Rose Elizabeth Dunn (September 5, 1878 – June 11, 1955) also known as Rose of Cimarron and later Rose of the Cimarron, was best known for her good looks and for her romantic involvement with outlaw George "Bittercreek" Newcomb when she was a teenager during the closing years of the Old West.

Early life
Rose Dunn was born near what is today Ingalls, Oklahoma (when she was born it was in Indian Territory, Oklahoma Territory was not organized until 1890). Her family was poor, but she received a formal education at a convent in Wichita, Kansas. Dunn's two older brothers became minor outlaws by the time she was 12. She learned to ride, rope and shoot from her brothers. Through them, she met and became involved romantically with George Newcomb circa 1893, when she was either 14 or 15 years of age.

George "Bittercreek" Newcomb
Dunn met and became involved romantically with George "Bittercreek" Newcomb around 1893. The gang that Newcomb ran with worshipped her due to her good looks and her calm and kind demeanor, and were fiercely defensive of her, spawning her loyalty to them.

She was completely infatuated with Newcomb and began supporting Newcomb's outlaw life by venturing into town for supplies, as he was a wanted man and could not. Newcomb by that time was riding with the Wild Bunch gang led by outlaw Bill Doolin. By this time her brothers had left the outlaw life and had become bounty hunters, calling themselves the Dunn Brothers.

On September 1, 1893, the gang was cornered in Ingalls by a posse of US marshals, in what became known as the Battle of Ingalls, resulting in an intense shootout. A western legend has it that Newcomb was badly wounded, and while he lay in the street, Dunn is alleged to have run from the "Pierce Hotel" to him with two belts of ammunition and a Winchester rifle. She fired the rifle at the marshals while Newcomb reloaded his revolvers, and Newcomb was able to escape. However, that account has never been verified, and was never mentioned by the US Marshal official report, which indicated that Newcomb at best fired two shots then fled.

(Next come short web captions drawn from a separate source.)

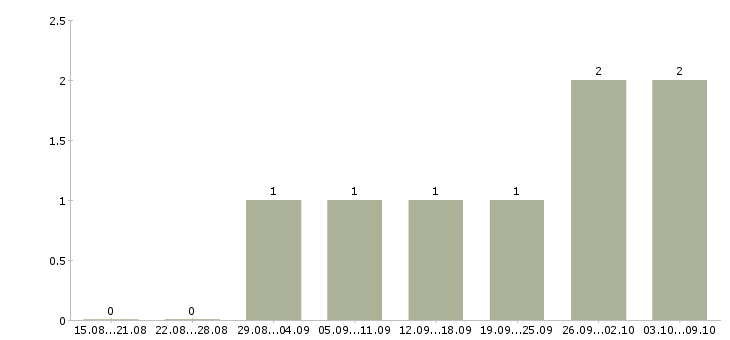 Работа «работник тепличного хозяйства»-Число вакансий «работник тепличного хозяйства» на сайте за 2 месяца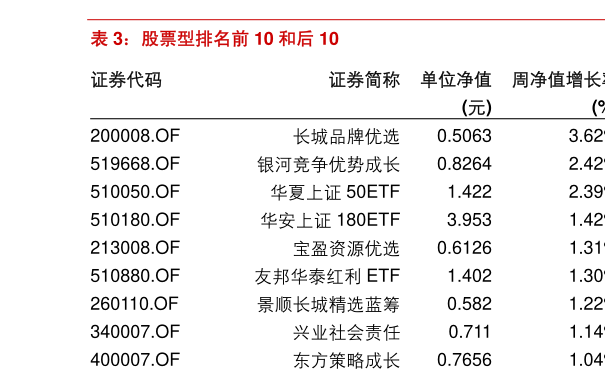 20200427114051227378.png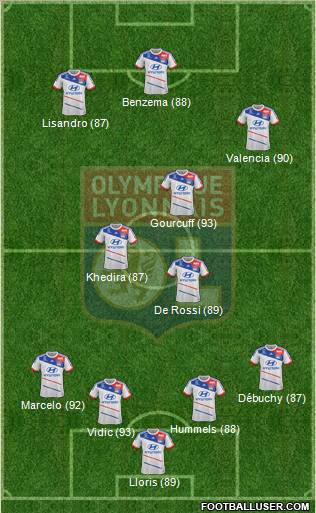 Olympique Lyonnais Formation 2012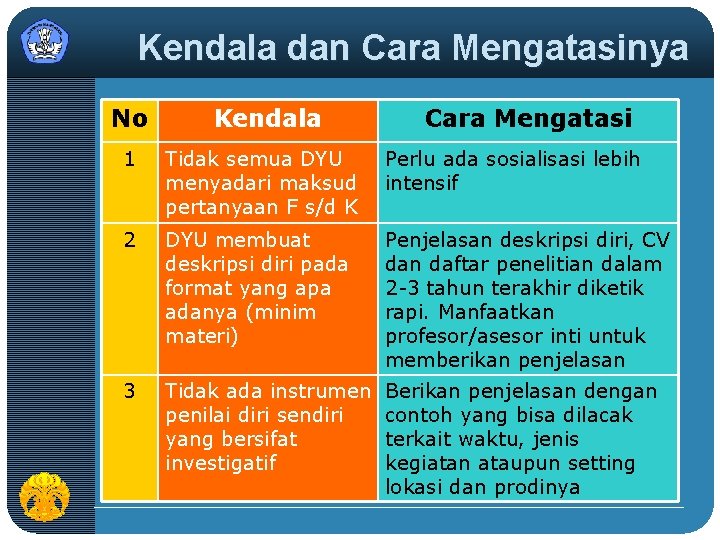 Kendala dan Cara Mengatasinya No Kendala Cara Mengatasi 1 Tidak semua DYU menyadari maksud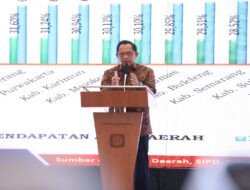 Mendagri Minta DPRD Sinergi dengan Kepala Daerah Perkuat Kemandirian Fiskal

Three deputy marshals were killed during the shootout. Newcomb and Charley Pierce were wounded, but escaped. Gang member "Arkansas Tom" Jones was slightly wounded and captured by Deputy Marshal Jim Masterson. Together with Newcomb and other members of the gang, Dunn hid out for at least two months nursing the remaining gang members back to health.

By 1895, Newcomb had a $5,000 bounty placed on him, dead or alive. Newcomb and Pierce hid out near Norman, Oklahoma, both of them having been wounded in a gun battle with US marshals. On May 2, 1895, the Dunn Brothers shot and killed both Newcomb and Pierce as they dismounted in front of the Dunn house to visit Rose. The brothers collected the bounty, believed to have been $5,000 each.

Later life
After the killing of "Bittercreek" Newcomb, Dunn was often accused of having set him up, revealing to her brothers where the outlaws were hiding. She denied this, and her brothers later defended her, stating that she had no knowledge of their intentions, nor did she reveal the hideout to them. She was never prosecuted for her involvement with the gang. Her short outlaw life launched her to the level of western legend. In 1898 she married local politician Charles Albert Noble, and sometime after 1900 (a census year), they left Oklahoma and all outlaw associations behind them. Charles Noble died in 1930 and she married Richard Fleming (whom she first met when 16) in 1946.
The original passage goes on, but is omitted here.